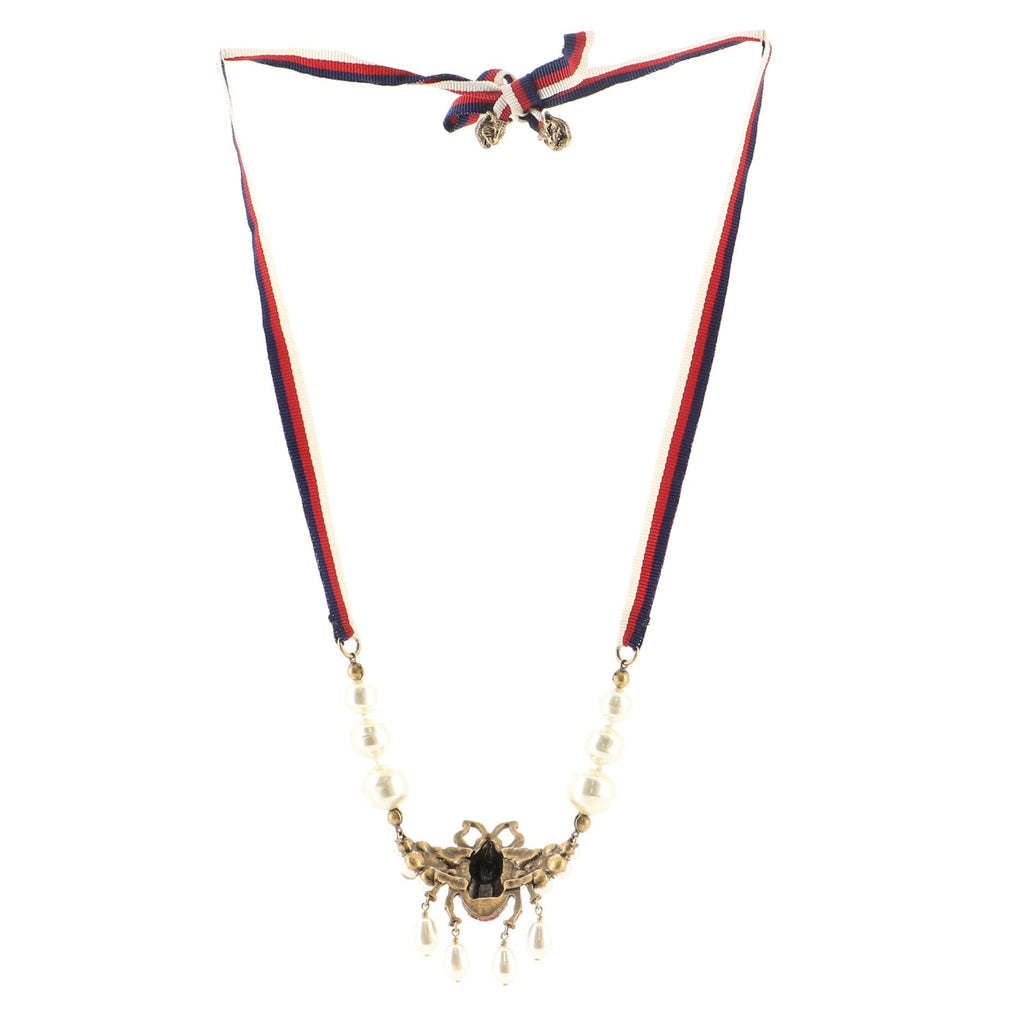 Sylvie Web Bee Necklace Faux Pearls and Metal with Grosgrain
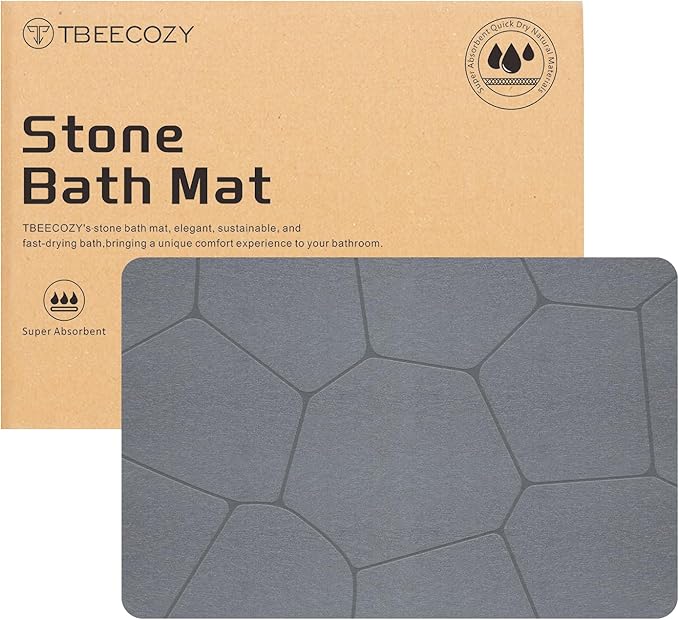 Stone Bath Mats for Bathroom, Diatomaceous Earth Bath Mat Bath Rug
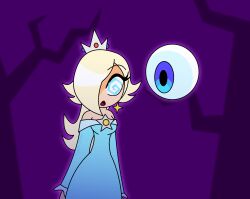 aura bare_shoulders blonde_hair blue_eyes cleavage clothed crown dress earrings emblem eyebrows_visible_through_hair eyelashes female_only femsub floating forest gazer hair_covering_one_eye hypnoscream hypnotic_eyes jewelry leaning_forward mr._i nintendo outdoors princess_rosalina purple_background spiral_eyes super_mario_bros. super_mario_galaxy symbol_in_eyes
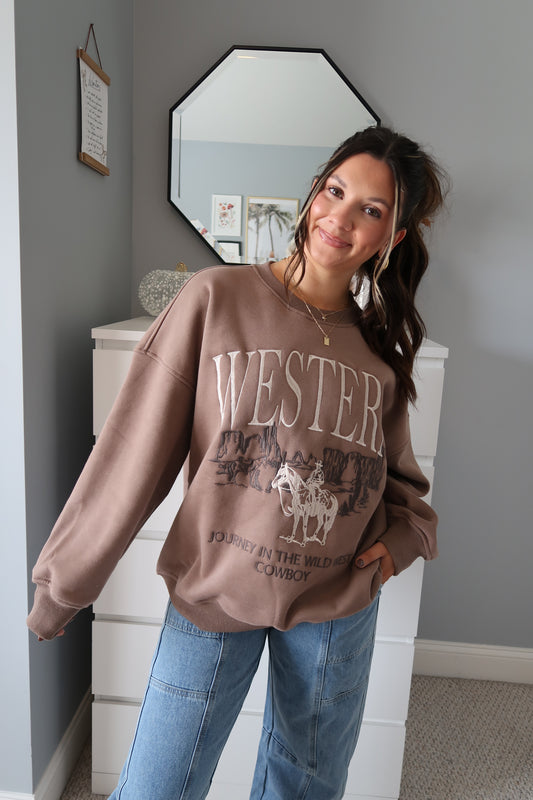 Cowboys Only Crewneck - Mocha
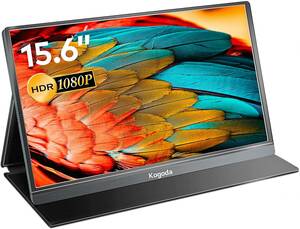 モバイルモニター 15.6インチ Kogoda 1920ｘ1080 非光沢IPSパネル 9mm薄型/軽量 スピーカー内蔵 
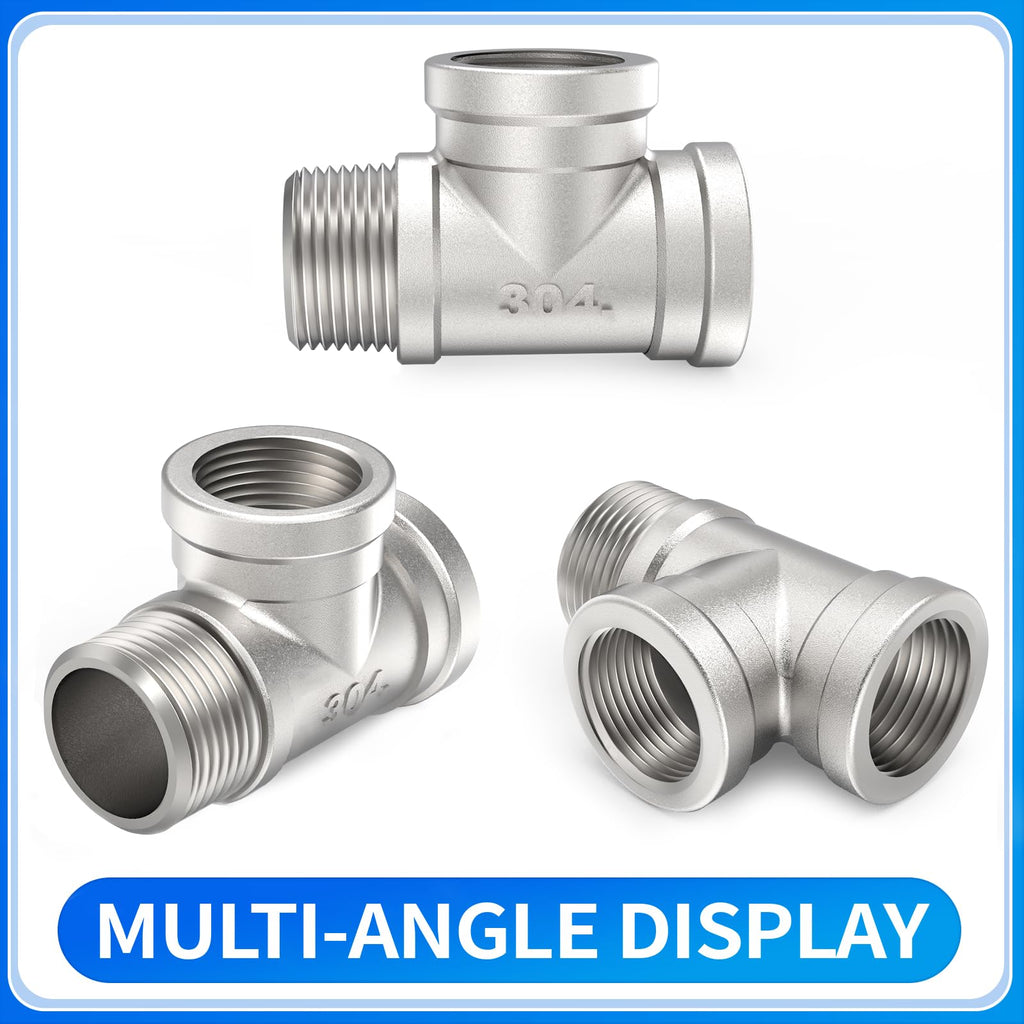 ChillWaves 304 Stainless Steel Pipe Fitting, Male Run Tee 1/2" NPT Female x 1/2" NPT Female x 1/2" NPT Male Thread Adapter(2-PACK)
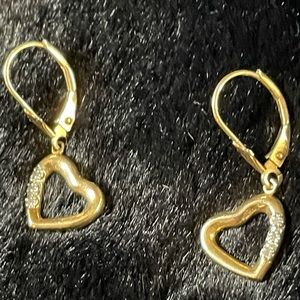 🔥Vintage 10K CI Diamond Heart Danglers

---

To answer, repeat exactly the lines from the line containing "ChillWaves 304 Stainless" through the last line of the data above, leaving out all pictures.

 ChillWaves 304 Stainless Steel Pipe Fitting, Male Run Tee 1/2" NPT Female x 1/2" NPT Female x 1/2" NPT Male Thread Adapter(2-PACK)
 🔥Vintage 10K CI Diamond Heart Danglers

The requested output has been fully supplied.